Determine the car's displacement

[etSahcs12]

Hi, I am new to the fourm. If it is not any touble, please help me with a kinematic problem.

Homework Statement

A car travels east along a straight road at a constant velocity of 18 m/s. After 5.0s, it accelerates uniformly for 4.0s, reaching a velocity of 24 m/s. For the next 6.0s, the car proceeds with uniform motion. Determine the car's displacement for the 15.0s trip.

Homework Equations

Δd = v1 x Δt + 1/2 x acceleration x Δt(squared)
Δd = v2 x Δt - 1/2 x acceleration x Δt(squared)
Δd = 1/2 (v1 + v2) Δt
2aΔd = v2^2 - v1^2
a = v2 - v2 / Δt

The Attempt at a Solution

This is the only question I have not experienced before. Please guide me through this question.

 

[Kurdt]

You will have to split the problem into 3 parts. There are two where the car is traveling with a constant velocity and one where it is accelerating. The equation you have stated is almost correct. For constant velocity you will need:

d = vt

For constant acceleration you will need one of the constant acceleration kinematic equations.

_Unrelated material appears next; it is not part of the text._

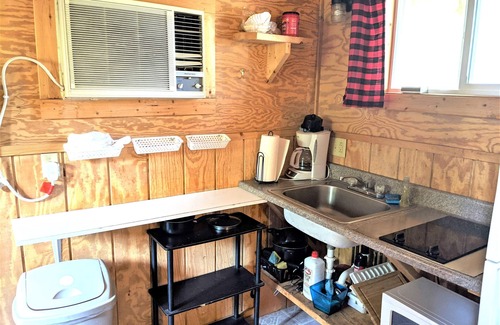 Victor Hotel | Sleeps up to 8, kitchenette, full bathroom, air conditioned/heated, free WiFi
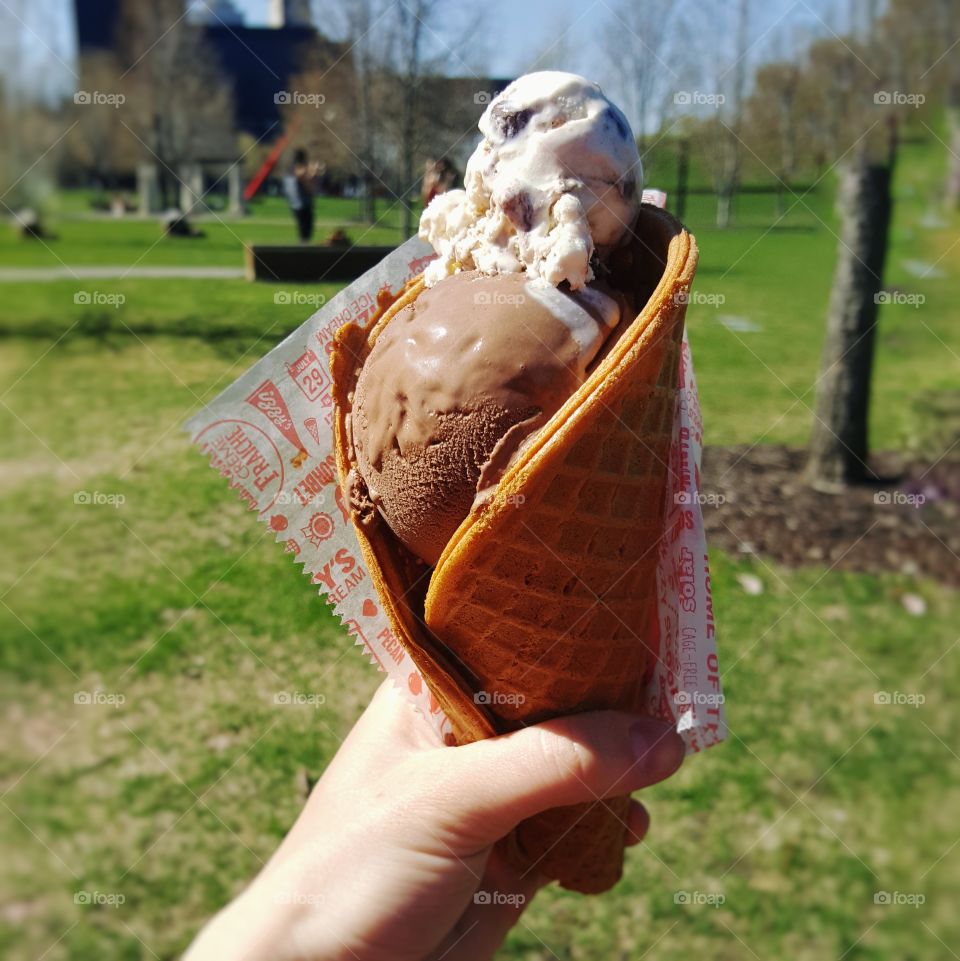 ice cream on a sunny day in a park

https://www.physicsforums.com/showpost.php?p=905663&postcount=2

 

[etSahcs12]

so do i do:

18 m/s x 5.0s then 24 x 4.0s then add them up?

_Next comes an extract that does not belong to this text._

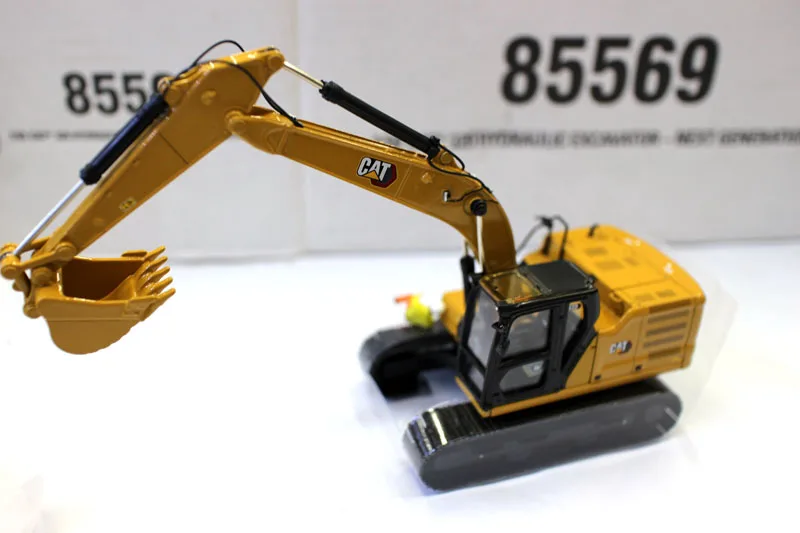 New DM 1/50 Scale CAT 320 Hydraulic Excavator High Line Series 85569 By Diecast Masters for collection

What do i do with the 6.0s and the uniform motion? When adding do i find the displacement?

 

[Kurdt]

so do i do:

18 m/s x 5.0s then 24 x 4.0s then add them up?

What do i do with the 6.0s and the uniform motion? When adding do i find the displacement?

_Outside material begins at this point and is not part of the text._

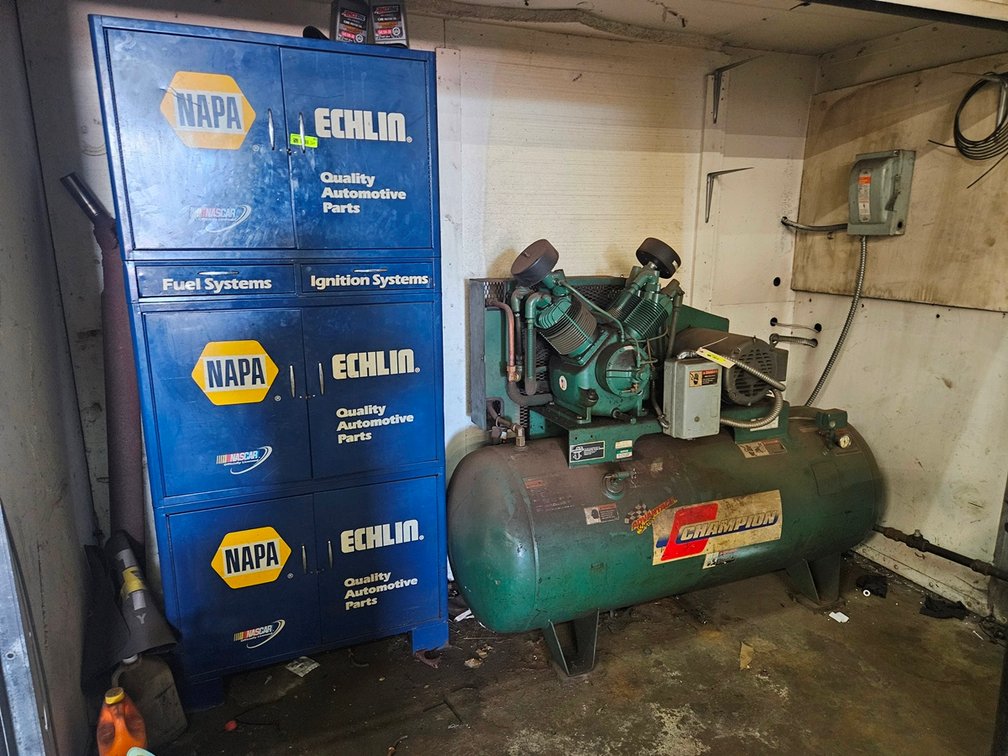 Image for Auto Repair Shop Tools & Equipment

No. The two time intervals when the car is traveling with constant velocity are the first 5 seconds and the last 6 seconds after the acceleration. To work out the distance traveled while accelerating you will need one of the kinematic equations in the link I gave you above. To save you the time here it is:

d = ut +\frac{1}{2} at^2

 

[etSahcs12]

How am i able to find the acceleration and v1 by using all of these variables (specifically time and velocity)? Would i use d = vt at all?

 

[HallsofIvy]

am i supposed to divide this question into 3 parts as well?

Which question are you talking about? You have posted on question and were told to break it into 3 parts.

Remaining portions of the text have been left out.